In the early days of recording, the instruction book for a tape machine would extend to maybe a dozen pages, and perhaps twice as many for a basic mixing console. Echo came from a tape, reverb from a spring or a plate, and, if you were lucky, you might have a couple of compressors and gates. The amount you could do to a sound once it had been recorded was quite limited compared to what you can do today, so engineers spent a lot of time making sure they had the instruments and voices sounding right before they hit record. If a part went wrong it was either played again in its entirety or, if possible, you'd execute a punch-in to replace the offending part. And because there was no Undo button, you got to be pretty slick at punching in!
These days the handbooks that come with typical DAW software extend to hundreds of pages, and even individual plug-ins often have more instructional text than an entire old-school studio. Ironically, a lot of today's plug-ins are designed to try to recapture the sound of old analogue studios, but I have a feeling we'd get a lot closer to it if we just concentrated more on basic recording techniques and took less notice of plug-ins that promise to help us fix it in the mix.
Some of the new tools are fantastic for polishing up an already good recording of a great performance, but there seems now to be an excessive reliance on them for trying to patch up something that should never have been recorded in the first place. How many times have you sat there for half an hour editing the timing of a vocal overdub or trying to knock it into pitch using a plug-in when it would have taken less than a minute to re-record it? I know I've done it! We agonise over which of 200 reverb presets will work best on a track, when nine times out of 10 all you really need is a good plate sound with basic EQ and variable decay time. It's said that we're developing into a dependency culture, and it seems to me that we depend too much on mix processing.

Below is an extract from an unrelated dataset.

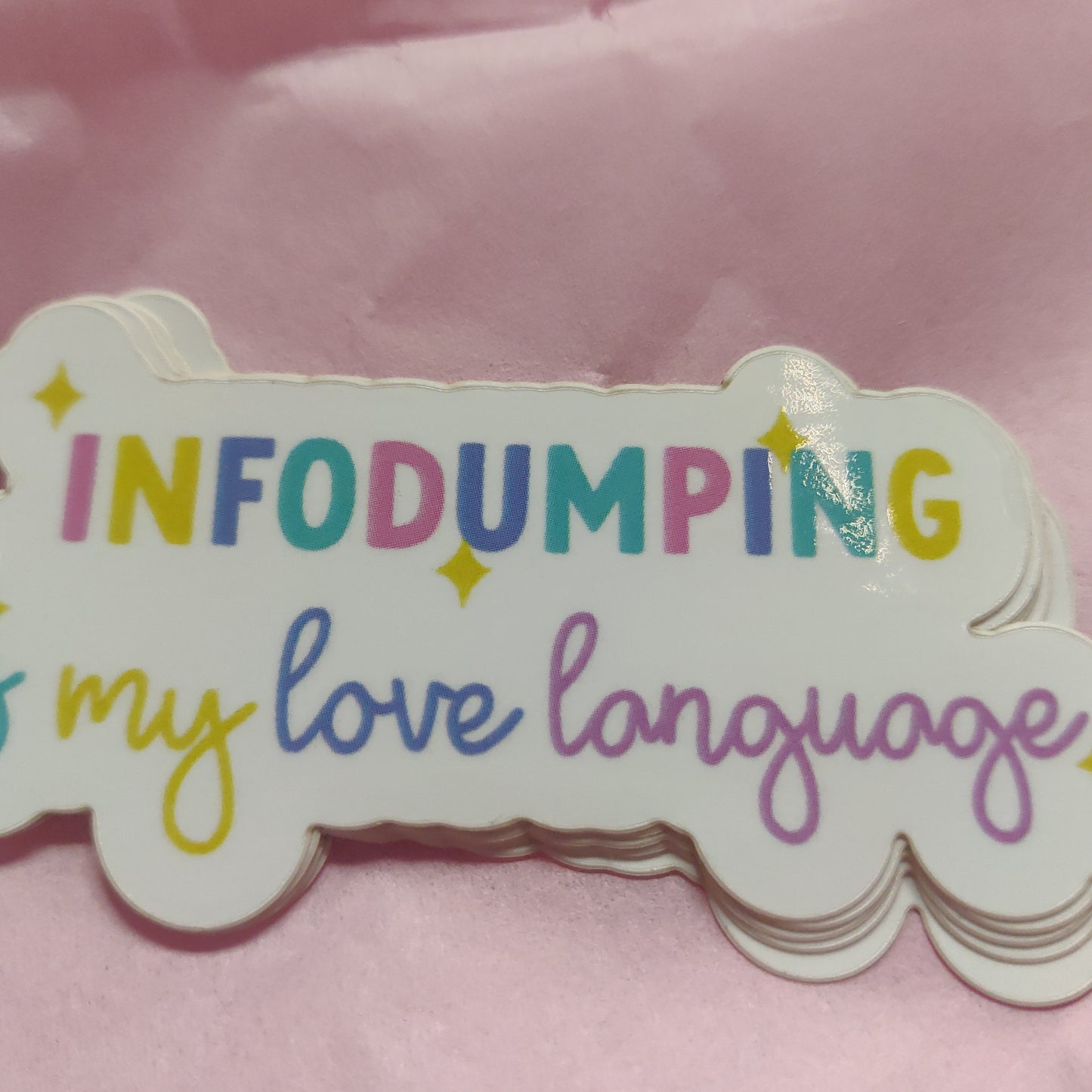 Infodumping is my love language STICKER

The problem of not having basic recording and performing skills is compounded by the sheer number and complexity of plug-ins. All these tools have to be learned properly before they can be used, and in most cases a manufacturers' preset list won't be all that helpful if you're looking for a shortcut. How many compressor plug-ins come with a list of presets ostensibly suited to various voice or instrument types, yet fail to tell you that unless all the vocals are recorded at exactly the same level as the audio file used to create the preset, you'll still have to adjust the threshold control to obtain the desired degree of gain reduction?
Alhough we all fall into the trap of thinking that we'd make better recordings if only we had an XYZ plug-in or BCD hardware box, I suspect the real problem is that the modern studio actually gives us far too many tools with which to damage our recordings and not enough time to learn how to use each of them correctly. Perhaps a week or two going back to basics and leaving all the fancy toys bypassed would be time well invested?